Another common way to have multiple root commits is to use git subtree to pull in part or all of another repository into yours to make it easier to work with that repo. You might have a large program that uses a socket library, but rather than try to consume it as a library or have a build system that knows how to fetch multiple repos, you use subtree to add it to your repo. This has the side effect of adding that repo’s root commit(s) for the part you pull in.

          b <-- c <-- d
                       \
e <-- f <-- g <-- h <-- i <-- j

Here are some surprising but obvious facts. If two repos have any shared commits, then they must also have the root commit(s) at the base of any shared commits. So if you want to know whether two repos share commits, all you need to do is look at their root commits. This is true whether or not you used a shallow clone to fetch a copy of the repo; shallow clone doesn’t alter the fact that commits exist, it just neglects to give you copies of those commits. And since the current Git code handles side effects of shallow clones poorly, few people do them (this could be fixed in a straightforward fashion, see future post on this).

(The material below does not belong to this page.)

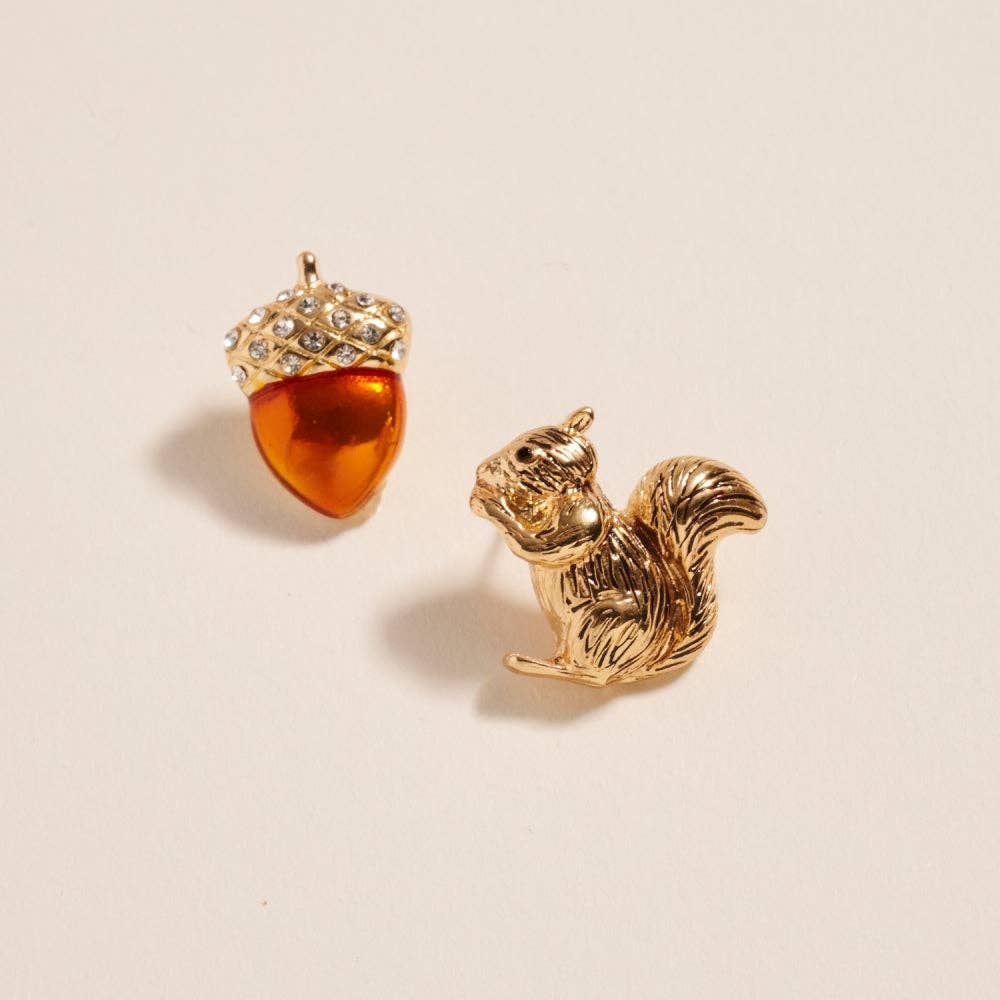 Mismatched fall earrings featuring a gold squirrel stud and jeweled acorn stud displayed on a neutral background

If repositories A and B have the same root commits, then it’s very likely that one is a fork of the other. It’s very unlikely for two root commits to be identical unless one is the copy of another. That’s because a commit is the hash of the metadata for the commit (author, date etc), the hash of the tree for the commit, and the hash of the parent commits. Note that it’s not impossible, just unlikely. You could set out to craft two root commits in exactly the same way, independently. In practice, this means specific collusion; this is still a copy! Same for full commit chains. So if we have two equal commits, then one is the copy of the other, and we’ll presume fork.

It’s not possible without outside data to determine which repository is the fork. For the most part, we don’t care, except when trying to assess provenance. Provenance needs more information than what is in the repository. Specifically, numbers of commits don’t tell us much, because an active fork of a dormant upstream is a reasonable thing to see. But so is a fork with a handful of extra commits (say a bugfix or a private feature) is of an active upstream.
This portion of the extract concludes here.